Despite the deference, the court need not accept "legal conclusions" as true. Ashcroft v. Iqbal, --- U.S. ---, 129 S.Ct. 1937, 1949-50 (2009). It is also improper for the court to assume "the [plaintiff] can prove facts that [he or she] has not alleged." Assoc. Gen. Contractors of Cal., Inc. v. Cal. State Council of Carpenters, 459 U.S. 519, 526 (1983). On the other hand, "[w]hen there are well-pleaded factual allegations, a court should assume their veracity and then determine whether they plausibly give rise to an entitlement to relief." Iqbal, 129 S.Ct. at 1950.
Plaintiff puts forth two causes of action against Defendants 7-Eleven and Dhami. As his sixth cause of action, Plaintiff alleges 7-Eleven and Dhami violated Section 17538.9(b)(3) of the California Business and Professions Code by "failing to make available clearly and conspicuously in a prominent area immediately proximate to the point of sale" the information about charges, costs, and fees for the Bonita Señorita phone cards.*fn2 And in the seventh cause of action, Plaintiff seeks declaration of rights and duties under Section 17538.9 between the putative plaintiff and defendant classes.
I. Violation of Section 17538.9
Defendants raise two arguments with respect to the sixth cause of action. First, pertaining only to 7-Eleven, Defendants argue that Plaintiff has not stated a claim because franchisees such as Dhami operate as independent contractors, and Plaintiff's conclusory allegations of joint action are insufficient to establish the existence of any actual control by 7-Eleven over Dhami. Second, Defendants argue Plaintiff lacks standing to pursue a claim under Section 17538.9 because he has not alleged any facts showing that he "lost money or property" as a result of the purchase.
A. 7-Eleven's Liability
Defendants argue Plaintiff's allegations that Dhami and 7-Eleven were "joint venturers as it pertains to the retail sale of prepaid calling cards" and that they "possess joint management and control of the sale of the Bonita Señorita cards" are insufficient to state a claim for relief against 7-Eleven. First, Defendants argue the allegations of joint management and control are "bare assertions," "conclusory," and are "not entitled to be assumed true." See Iqbal, 129 S.Ct. at 1951. Second, even taking these allegations as true, Defendants argue they do not establish that 7-Eleven had any control over the means and manner in which Dhami sold phone cards. Third, Defendants argue that other courts to consider the issue have determined that 7-Eleven franchisees are independent contracts rather than agents of 7-Eleven, and accordingly their acts may not be imputed to 7-Eleven.

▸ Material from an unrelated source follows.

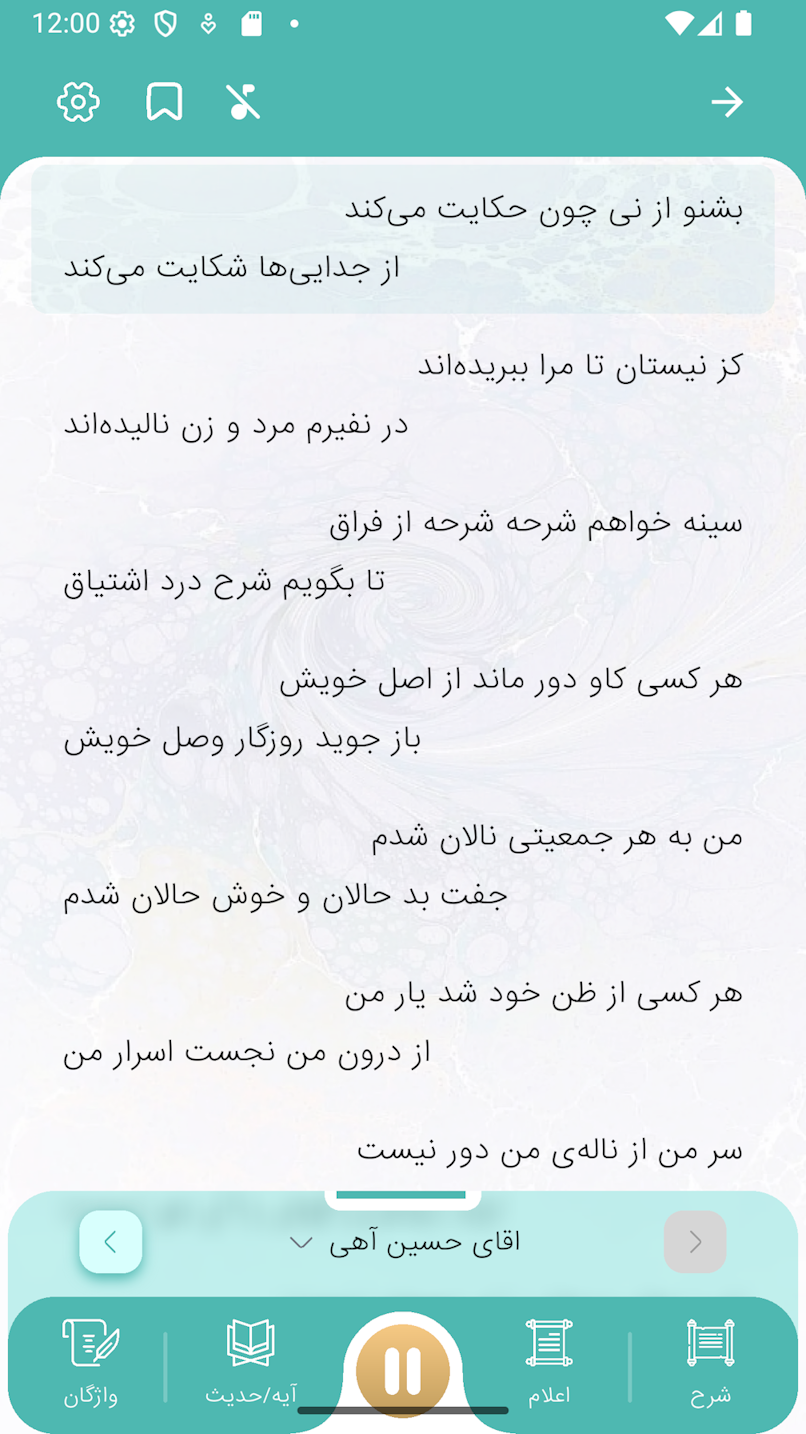 اسکرین شات 3 برنامه مثنوی معنوی (صوتی)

First, with respect to the adequacy of the allegations, Plaintiff's FAC provides more than "bare assertions" and "conclusory" allegations. See id. For example, the FAC alleges that "[u]nder the terms of its standard franchise agreement, 7-Eleven, Inc. requires its franchisees, such as Dhami, to offer and sell certain 'Categories of Inventory,'" including "Prepaid Cards" such as the Bonita Señorita cards. (FAC ¶ 18.) The FAC further alleges that 7-Eleven "devotes substantial time and effort developing and marketing its Prepaid Card product category" by controlling which products the franchisees are required to sell, negotiating the purchase terms with the distributors of the cards (such as STI), and overseeing the installation and maintenance of electronic equipment used to activate and "charge" the cards at the register. (FAC ¶ 19.) Finally, the FAC alleges that Dhami and 7-Eleven "share in the profits and losses of the Bonita Señorita cards" and that they "possess joint management and control of the sale of the Bonita Señorita cards." (FAC ¶ 20.) Viewed as a whole, these specific allegations amount to more than a "formulaic recitation of the elements," and they are a far cry from the "bare assertions" and "conclusory" allegations that the Supreme Court found inadequate in Iqbal. See 129 S.Ct. at 1951 (holding that allegations that Attorney General Ashcroft was the "principal architect" of the illegal confinement policy, and that FBI Director Mueller was "instrumental" in adopting and executing it, were "conclusory" and "not entitled to be assumed true"). Accordingly, the Court rejects Defendants' first argument that the allegations in the FAC are not entitled to be assumed true.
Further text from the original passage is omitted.